Time: The Three-Way Split For Balance and Well-Being

by Richard Harvey on 02/17/18


An often neglected but potent underlying cause of distress and imbalance in life is time. Time is an ephemeral concept, but it is also a hard fact that impinges on our lives in a ubiquitous way. To know this and do nothing about it invites all kinds of difficulties.

How often have we heard in our own or another's life the complaint that there's just not enough time, or in relationship: "You don't have enough time for me," or in families: "You never spend time playing with the children," or at work: "You must do more and spend longer hours to earn more and achieve more. Be diligent!"

Everything takes time. If you want to do something well, it takes longer. If you want to cut corners it doesn't pay, because it's a job done badly.

Symbolic time is everywhere: in the man-made world -- watches, clocks, clock towers, neon hoardings with time readouts, phones with digital readouts, time on your PC, on the TV, DVDs and CDs showing lengths of time; and in the natural world -- morning, noon, afternoon, evening, night -- our world is peppered with reminders of time.

Reminders, reminders! Must do (if there's enough time), didn't get to the bank (because there wasn't enough time), will get it done (if I find the time). This imaginary and yet factual lack of time (how can we lack time when all we have is time?) causes us stress, contraction, nervousness, fearfulness, illness, irritation and neurosis.

But time is an adversary that we will eventually and inevitably succumb to, when we finally run out of it at the end of our lives.

So, while we are still here let's take it seriously -- very seriously. This is my advice and it comes dearly-won through the deep consideration of not only my own, but many other people's difficulties with this perennial, insidious issue.

In a disciplined way, divide your waking life into a three-way split. Your waking life consists of approximately sixteen hours a day (the other 8 should be devoted to sleep). Consider how you spend this time. You only have so many hours in the day, over a year, for the rest of your life. So, use them wisely, spend them sanely and let them bring balance into your life.

Divide it like this:

1. Time for yourself: time with and for oneself is essential for inner well-being. It balances and cultivates peace and tranquility, and returns you to a sense of being. It reminds you to care about yourself and puts you in touch with yourself, your body, mind, feelings, emotions, life trajectory, life assessment, your energy. In fact there is so much to keep in touch with that it is only the foolish man or woman who would ignore it. Hardly anyone honors time with themselves anything like enough, but you can by taking yourself seriously and realizing that without this essential exercise for your well-being, self-esteem and happiness, every interaction, encounter and relationship you have in the outer world is fundamentally flawed. You will relate to the world, to others and deal with life's circumstances far better if you first take time with yourself, to attend to yourself and your soul needs, and become aware of your inner needs and desires, your deep innate need to attend to yourself.

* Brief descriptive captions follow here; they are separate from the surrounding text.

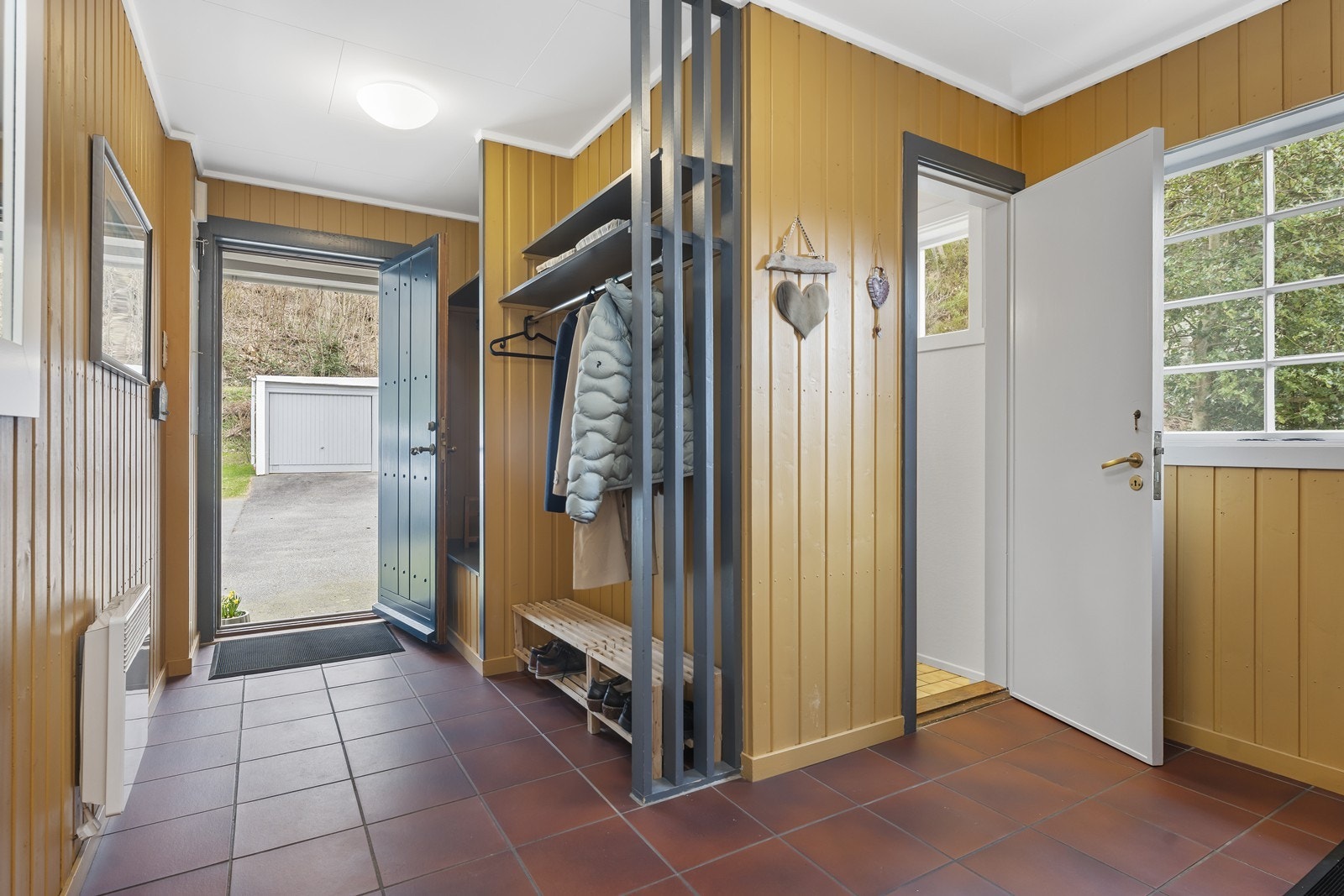 Gang med garderobe og toalettrom Galleribilde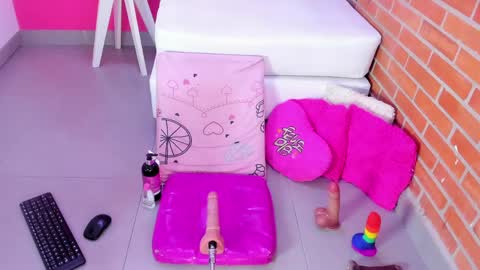 Snapshot of malu_hot69 chatting on June 2, 4:53 pm Malu online show from June 2, 4:53 pm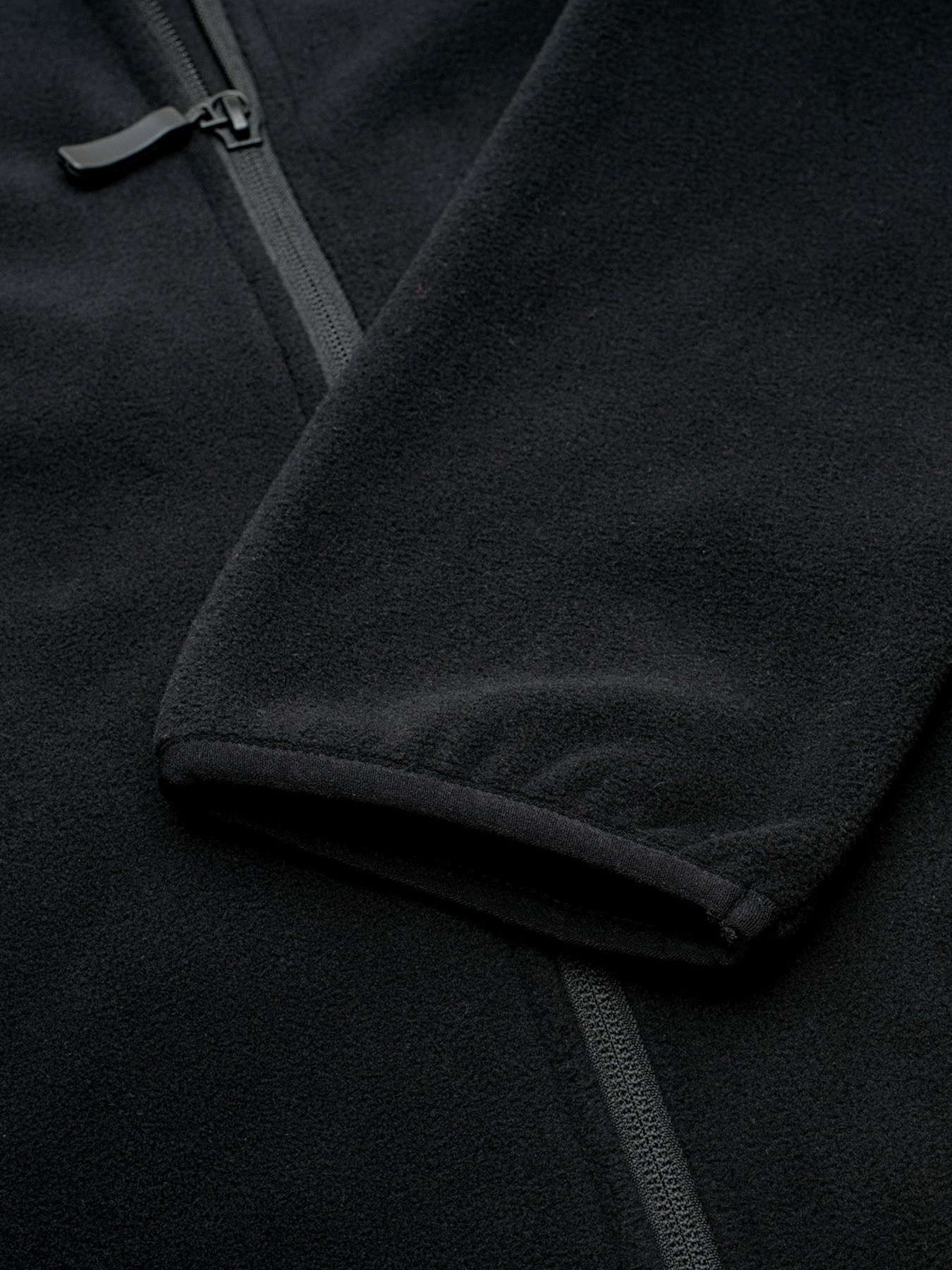 Худи и свитшоты Magnum модель MAGNUM ESSENTIAL FLEECE-BLACK Худи и свитшоты Magnum модель MAGNUM ESSENTIAL FLEECE-BLACK Фото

2. Time for others: everyone has a relationship, interrelationships, interdependence, others in their life. We must attend to these relationships which give us the opportunity to care about someone, something and some other than ourselves. So we have to allot the correct amount of time to this pursuit. Caring involves depth, but prior to that it involves time. Simply taking time to be together with someone communicates to them that they are important and worthy of your time. Doing things for others out of genuine consideration is good for our souls, spending time with them and allowing our self-concern to drop away refreshes the spirit. A life without love is a life full of sorrow. So prize this opportunity because it is precious -- one of the most precious aspects of life that there is, and honor it.

3. Finally, duty and responsibility: we all must eat! There is a Zen saying: "No work. No food." It holds true of course and we know instinctively, intuitively the rightness of this adage. To work for our keep, not just for things to make us comfortable, but for the soul food it provides us with, to work and become absorbed in activity, to work and be lost in industry and action is good for the inner life and inner well-being. Our physical bodies are built to move and strive, stretch and carry; our minds to create and problem-solve and our feelings and emotions to be engaged, strong and passionate about what we do. We should spend a third of our waking life in work, which is why it is so important that we become aware of our soul purpose - of what we should be doing.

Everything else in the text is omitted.